Сейчас принято ужасаться зверствами революции, но должен сказать, что ранние революции гораздо меньше зла принесли, чем тридцатилетняя война, которая велась за веру и велась людьми на свой лад вполне верующими. И это и было толчком, который вызвал к жизни Просвещение. Сперва здравомыслящие люди повернулись к терпимости. Впечатление от тридцатилетней войны было страшное. Это было потрясением для всей Европы. И ответом выдающихся людей была терпимость, связанная с известным равнодушием к религиозным вопросам, которые свелись к спорам, какой катехизис правильнее. И начало складываться чисто рациональное мировоззрение. Первые его шаги были очень мирными и кроткими. В начале XVIII века рассуждали о том, что человек по своей природе добр и не нужны ему всякого рода догмы, это только создает раскол и толкает к насилию. Но во Франции эти идеи очень быстро заострились, приобрели воинствующий характер и, начиная с того, что человек добр, пришли к террору. Это схвачено в нескольких строках у Гейне. Звучит это так.
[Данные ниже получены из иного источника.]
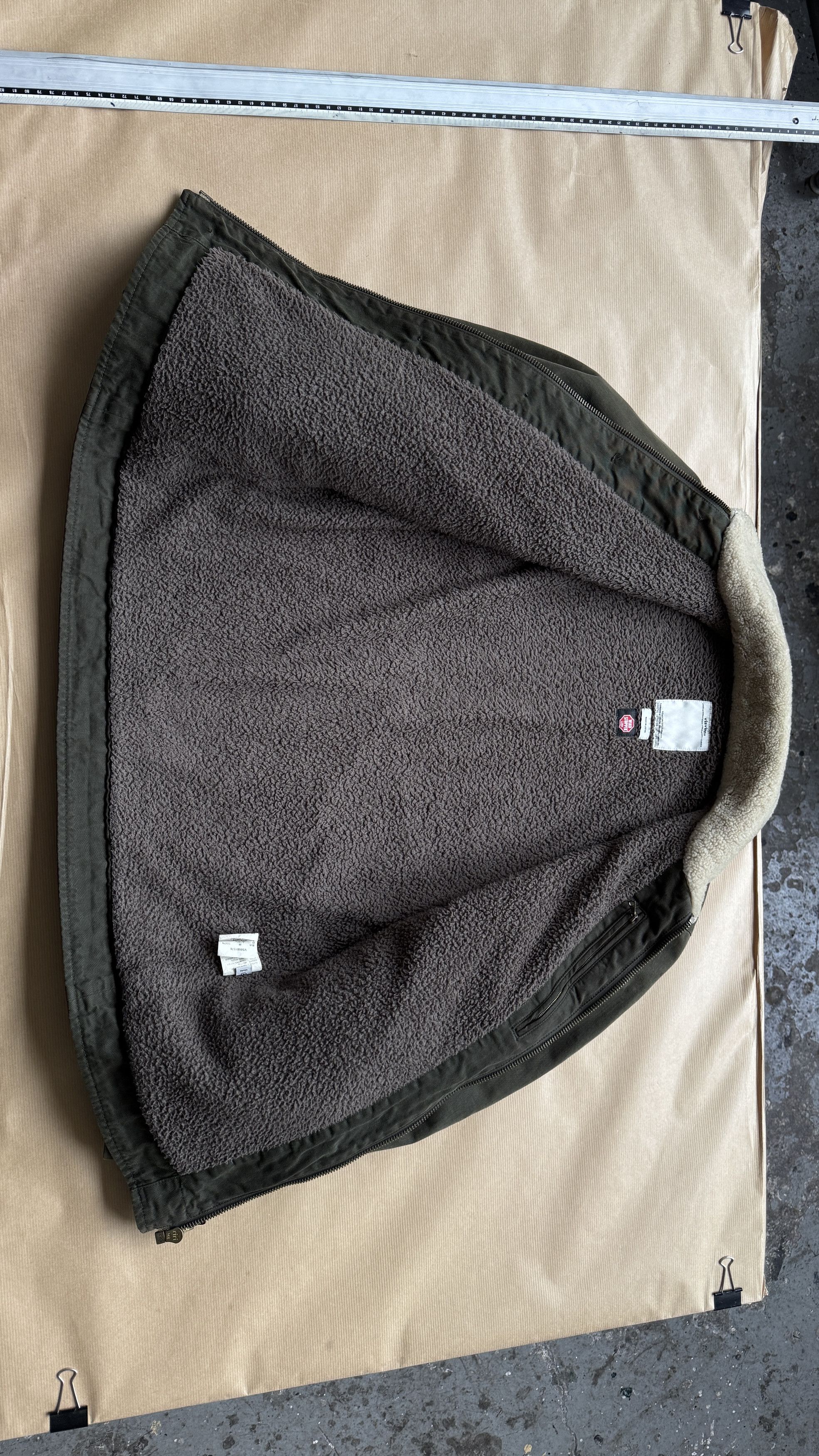Visvim aa . S . DECKHAND JACKET BOA . WIND STOPPER BY GORE TEX LABS Size US S / EU 44-46 / 1 - 15 Thumbnail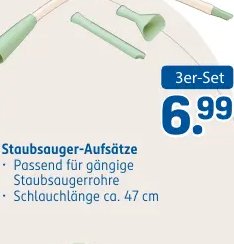 Staubsauger-Aufsätze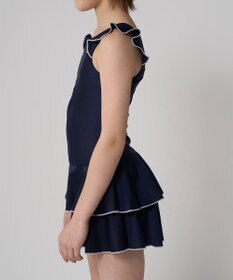 OP／FILA 【Kappa】ショートパンツ一体型スクール水着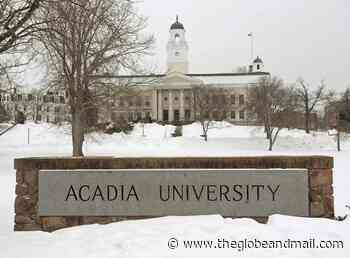 Classes to resume as strike ends at Acadia University in Wolfville, N.S. - The Globe and Mail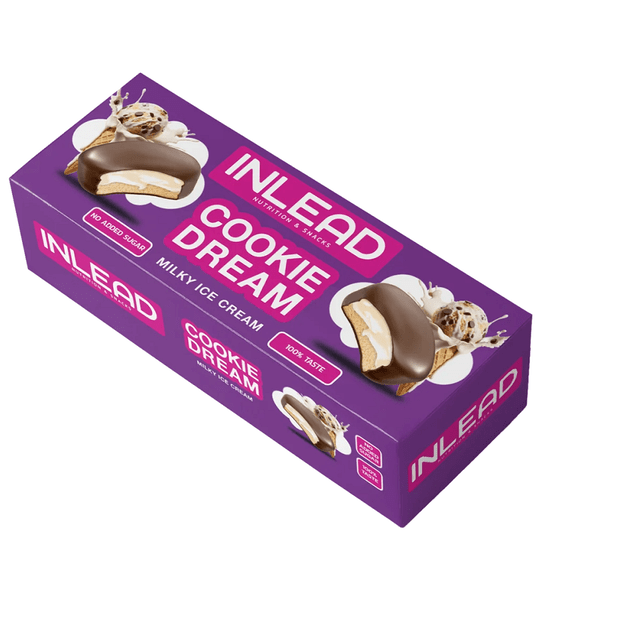 Inlead Cookie Dream 128 g Milky Ice Cream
Автор вспоминает обезглавленных аристократов:

Это все революции плод.
Это ее доктрина.
Во всем виноват Жан Жак Руссо,
Вольтер и гильотина.
(пер. Ю.Тынянова)

Гильотина была создана тоже по гуманным соображениям, чтобы казнить людей без лишних мучений. Таким образом, освобождение от фанатизма очень быстро привело к идеологическому фанатизму. Очень быстро произошло освобождение от милосердия. «Снисходительность к тиранам, — учил Сен-Жюст, один из деятелей Французской революции, — это безжалостность к их жертвам». И что очень существенно — произошло тотальное освобождение от вопроса о пути в глубину, от понимания, что человек не так прост, что он не прямо рождается от мамы совершенным. Идея о том, что человек сразу же рождается совершенным, высказанная Руссо, оказалась чрезвычайно опасной, ибо она не направляла человека к тем великим традициям самоуглубления, которые несла в себе даже самая плохая и фанатичная религиозная традиция. Самая плохая религия содержит в своем сложном целом какой-то путь в глубину. Пусть это будет обряд, молитва, таинство, йога, созерцание — но кое-что она содержит. Вы можете сказать, что экзальтация страстных поклонников революции или страстных поклонников вождя, выдвинутого революцией, напоминает религиозное чувство. Но, по-моему, так может сказать только человек, который не имеет собственного опыта чувства религиозного. Когда мне было 15 лет, я очень живо переживал революционные праздники и каплей лился с массами, когда вечером была иллюминация и праздничные толпы ходили по Москве. Но могу вас уверить, что это не имеет ничего общего по глубине с переживаниями религиозного характера. Тут не имеет смысла доказывать, а вот можно показать: в книге Зурабова «Тетрадь для домашних занятий» я нашел прекрасное размышление героя (конечно, это не сам Камо, герой книги; он, может, никогда этого не думал). Камо вспоминает себя не митинге, когда он с большим вдохновением говорил речь и когда он общался с матерью, глубоко верующей женщиной. И зурабовский Камо пытается понять, в чем разница этих двух впечатлений.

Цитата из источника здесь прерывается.